Resembling a fragmented Francis Bacon painting coming to life, Etrange debuted with TDT earlier in February at Winchester Street Theatre where the company is headquartered. Artistic director Christopher House is to be applauded for reviving it for the fall season at a bigger venue like Fleck Dance Theatre where people are sure to see it. House has emphasized the bracing newness of Lourdais’ piece by showcasing it along side older works that more traditionally explore such modern dance concepts as flow, space, time and weight as part of their overall artistic presentation. House in particular embraces a more free-flowing style of movement than what Lourdais expresses. Two of his works bookends the nearly 90-minute program, each representing dance as an ennobling pursuit: the body interpreting music.
composer Robert Moran |
The movement flow then quickens and the dancer looks wind-blown across the stage, but artfully so, as if he were a willow tree bending and rustling in time to the tempestuous bursts of pizzicato sound in Moran’s score, excerpted from his Towers of the Moon opera. Vena Cava, the 1998 work which is House’s second contribution to the evening, and the work which concludes the show, also has about it the feeling of rushing energy. Inspired by Moran’s Open Veins, a faster and more kinetically score than that heard in Towers of the Moon, the dance features a multitude of steps performed in rapid-fire bursts by all eight members of the company, plus its two interns. The choreography flows right and it flows left. It runs forward and backward, on a straight line and on the diagonal. Gusty group formations give way to serene, even sculptural solos. The choreography’s propulsive dynamism lends the work an appealing visual texture, abetted here by Lori Tirez Endes’s costumes of black tank tops and red skirts (short for men, long for women) and Snippe’s uncluttered lighting design.
Naishi Wang in Etrange |
Contrasting sharply with all this frenticism and is a revival of work by Patricia Beatty, the veteran choreographer who co-founded TDT together with David Earle and Peter Randazzo in 1968. She represents the program’s tied-and true. Against Sleep, a dance about a woman who at night encounters her demon lover through the erotic mists of a Jungian-tinged dream, debuted along with the company, 44-years ago. House, with Beatty’s permission of course, has remounted it for the fall season and time has not withered its power. Seen in the context of the new, bustling, male created works which dominate Rare Mix, Against Sleep appears as a Canadian modern dance classic, a work worthy of re-examination – all these years and choreographic experiments later. Set to a buzzing, clanging, ringing score of tintinnabulating sound by the late Canadian contemporary composer Ann Southam, Against Sleep unfolds on top of, under and around a set design by Ursula Hanes in which a sky-high central metal pole – held in place by metallic wires anchored to the four corners of the stage – is outfitted with a low-rise bed for the dreamer and an elevated perch for the sexual succubus seeking to dominate her soul. The main prop is a large piece of red cloth which initially covers the sleeper and ultimately enshrouds the demon. In between, the red cloth is used to symbolize the ropes that bind desire to will and also the blood of an imagined virgin sacrifice.

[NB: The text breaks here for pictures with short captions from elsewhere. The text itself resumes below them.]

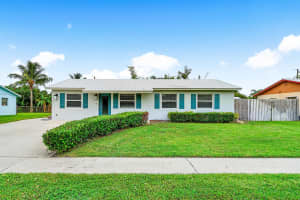1105 Sioux Street, Jupiter, FL 33458 Sold 08/19/24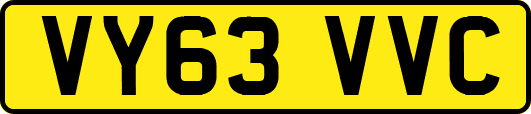 VY63VVC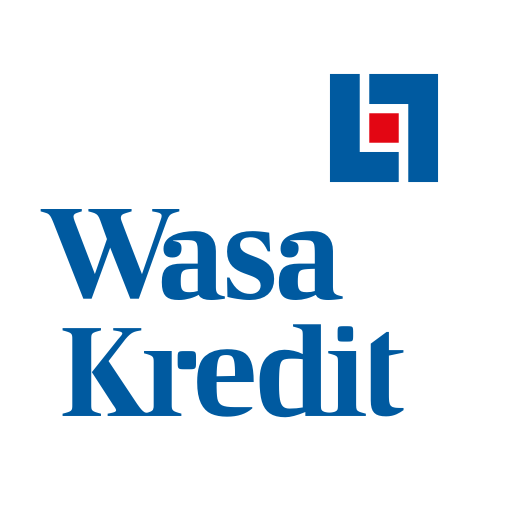 Wasa Kredit - Ditt kreditkort logo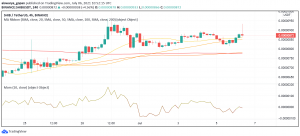 Shiba Inu (SHIB) Receives a Boost From Shopping.io's Announcement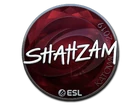 ShahZaM (Foil)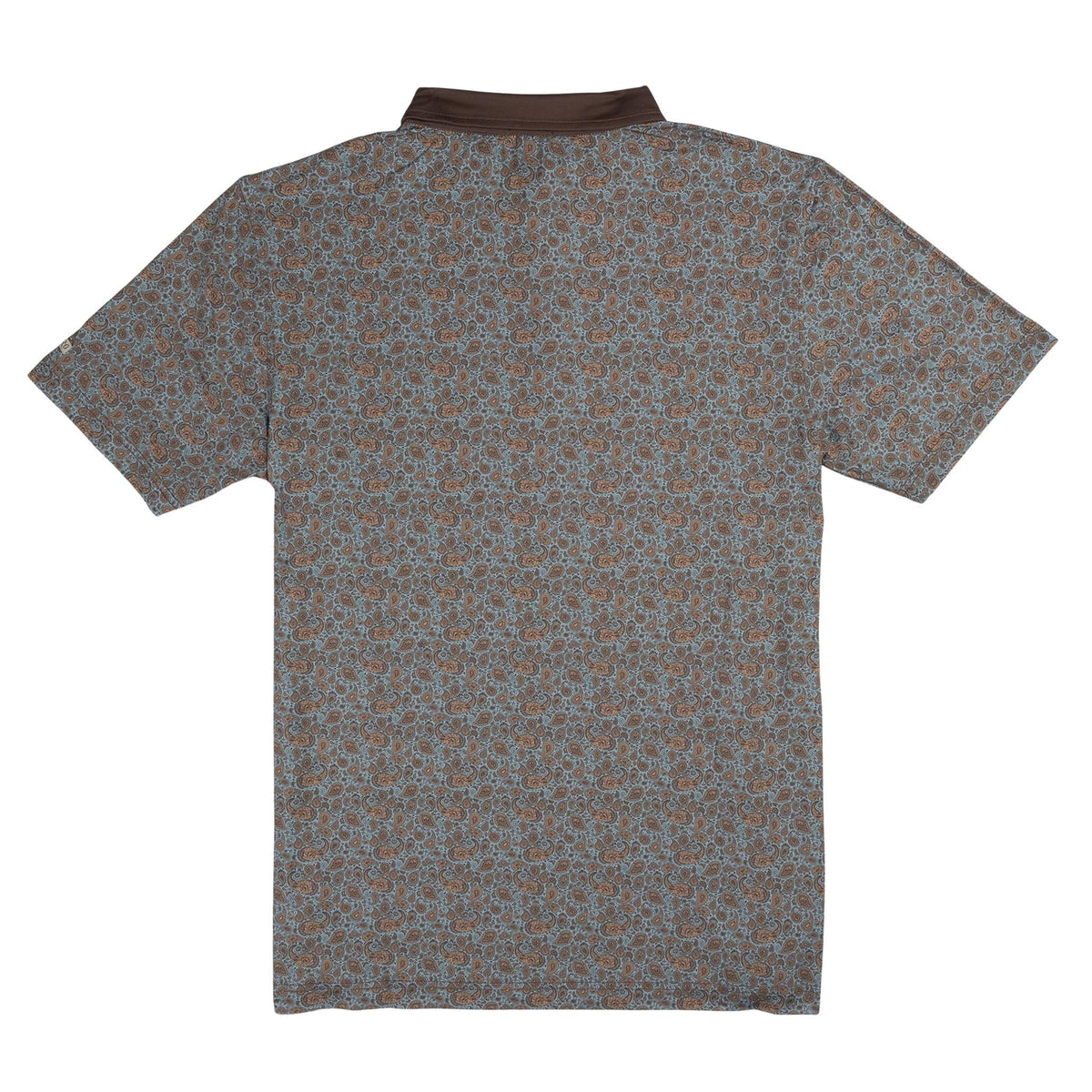 Sendero Provisions Co. High Noon Performance Polo
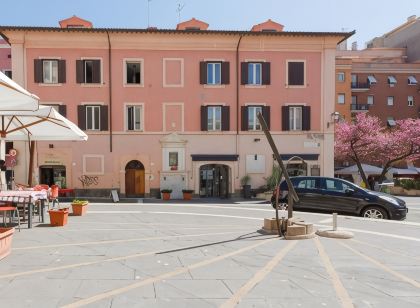 Bed and Breakfast PIAZZA FRATTI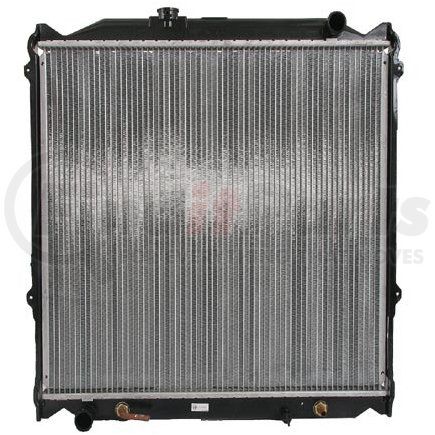 CSF 2820 Radiator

Not surprising, given the subject matter, the work is crafted like an intricate cage of erotic impulses. The two dancers – male and female – prowl and pose and pounce. They fight each other even as they are drawn to each other. But there can only be one victor and the winner of the sexual contest literally occupies the dominant spot on stage. Beatty originally danced the work with her company co-founder Earle. Reviving the roles on opening night were former TDT company member Michael Sean Marye and guest artist Danielle Baskerville, an associate of The Dietrich Group in Toronto. Alana Elmer and Pulga Muchochoma perform the roles on alternate nights.
Artistic Director Christopher House |
Together with Marye, she gave the audience a thrillingly theatrical performance by using dance in something of an old-fashioned way – as an ennobling expression of both body and soul.